Natureza jurídica do noivado - contrato preliminar verbal

Natureza jurídica do noivado - contrato preliminar verbal

Demonstra a necessidade do Direito reconhecer efeitos jurídicos ao noivado, inserindo este instituto na seara da Responsabilidade Civil.

O noivado não é ato, via de regra, revestido de maiores solenidades. Não é comum, por exemplo, que compromissos de noivado sejam tabulados por escrito e torna-se muito mais difícil ainda pensar na possibilidade de um noivado levado a registro público.

Entretanto, isto não retira a necessidade de que o Direito reconheça o noivado como um comportamento gerador de direitos e obrigações para os noivos e que assim, portanto, mereça esmero acadêmico em seu estudo e cautela na confecção de dispositivos legais e jurisprudenciais.

Cada vez mais nossos Tribunais têm sido provocados a se postar quanto aos efeitos de uma extinção ruinosa de noivado, principalmente no que concerne a plausibilidade e extensão de possíveis verbas indenizatórias decorrentes de tal acontecimento.

A contemporânea acepção do Direito Civil, recheada de inovações estabelecida pela Lei 10406/02 (o Novo Código Civil), obriga o sensato jurista a reformular o pensamento civilista, adequando-o, definitivamente, às balizas mestres traçadas no constitucionalismo pátrio. Em bom português: o Direito Civil deve ser estudado à luz da Constituição Federal de 1988, refletindo, por óbvio, seus firmamentos solidaristas, a compulsoriedade de respeito ao princípio da dignidade humana (CF/88, art. 1º, III) e uma sacrossanta obediência aos princípios e garantias fundamentais existentes no caput e incisos do art. 5º da Carta Magna.

Consectário lógico deste desenho é a mitigação de noções no civilismo com cunho individualista, egocêntrico, não calcados no bem comum e no respeito ao próximo.

Matérias vinculadas à Teoria Geral das Obrigações, ao Direito dos Contratos e ao Direito de Família reproduzem estas tendências de forma mais fidedigna ainda. Estes ramos do Direito Civil foram flagrantemente atingidos pelos bons auspícios da concepção do Direito enquanto ciência em busca da Justiça e da felicidade, ou seja, a idéia de direitos inexoravelmente carregados de função social.

Com isto, fica cada vez mais firme uma estóica condenação à visões egoísticas sobre a formação e dissolução do noivado, acentuando-se à ampla ojeriza aos primados estritamente privatistas sobre o tema. Um noivado está longe de ter a mesma imponência e sistemática jurídica de um casamento, mas, na medida em que existe até como compromisso para a existência futura do casamento, também tolhe qualquer dos noivos de atos unilaterais notadamente agressivos à dignidade alheia. Em uma visão mais simplista, é bom dizer que um noivo não pode fazer o que bem entender com seu consorte, havendo liames éticos, morais e jurídicos a serem observados.

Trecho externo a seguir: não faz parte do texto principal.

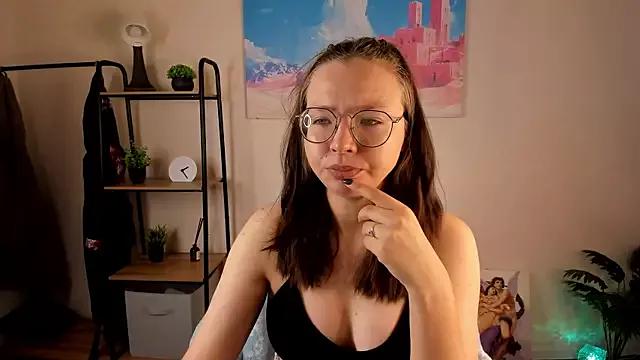Nuura_Moore webcams show profile image 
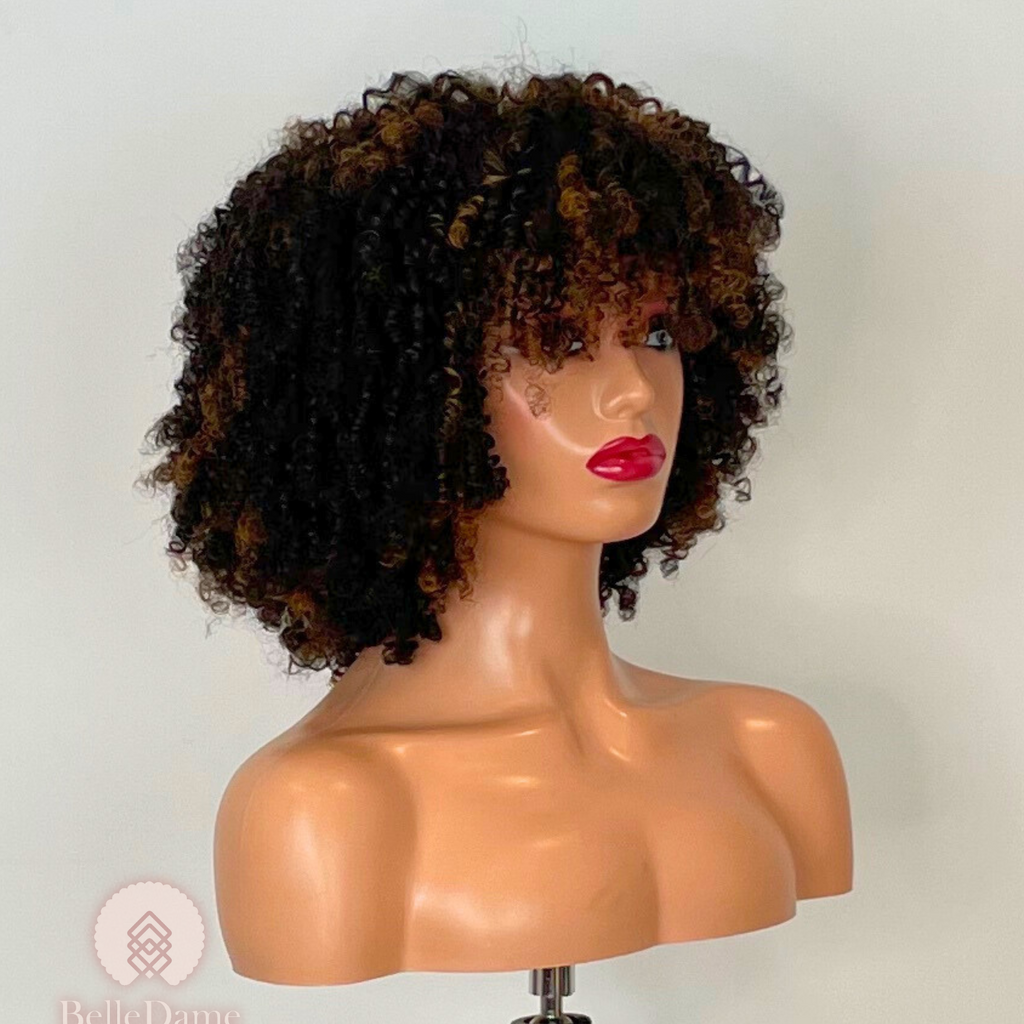 N21 - Peluca 100% Pelo Natural Rizada Castaño oscuro con mechas con Flequillo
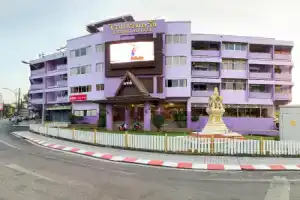 Oyo 565 Trang Hotel, Транг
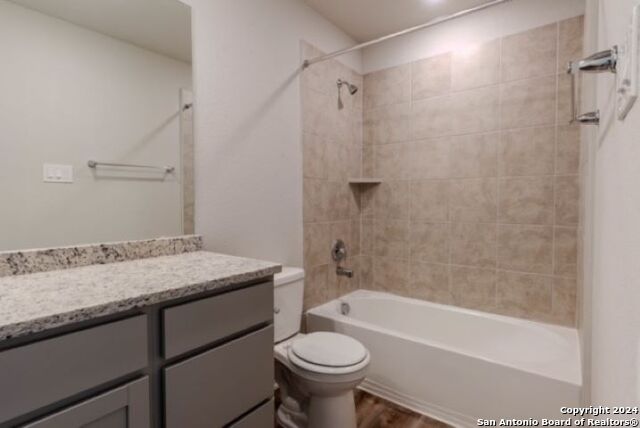 Image 14 of 23 For 728 Abigail Alley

Feitas tais considerações, impende traçar a natureza jurídica do noivado.

Na clássica dicotomia quanto à natureza jurídica do casamento (instituição x contrato), a visão do casamento como contrato especial de Direito de Família é a dominante na boa doutrina. Assim sendo, tal paradigma será adotado para maiores elocubrações acerca do tema.

Ora, se o casamento é um contrato e o noivado simboliza compromisso no sentido de firmar futuro casamento, nada mais simples do que dizer que o noivado pode ser reputado como um pré-contrato ou contrato preliminar.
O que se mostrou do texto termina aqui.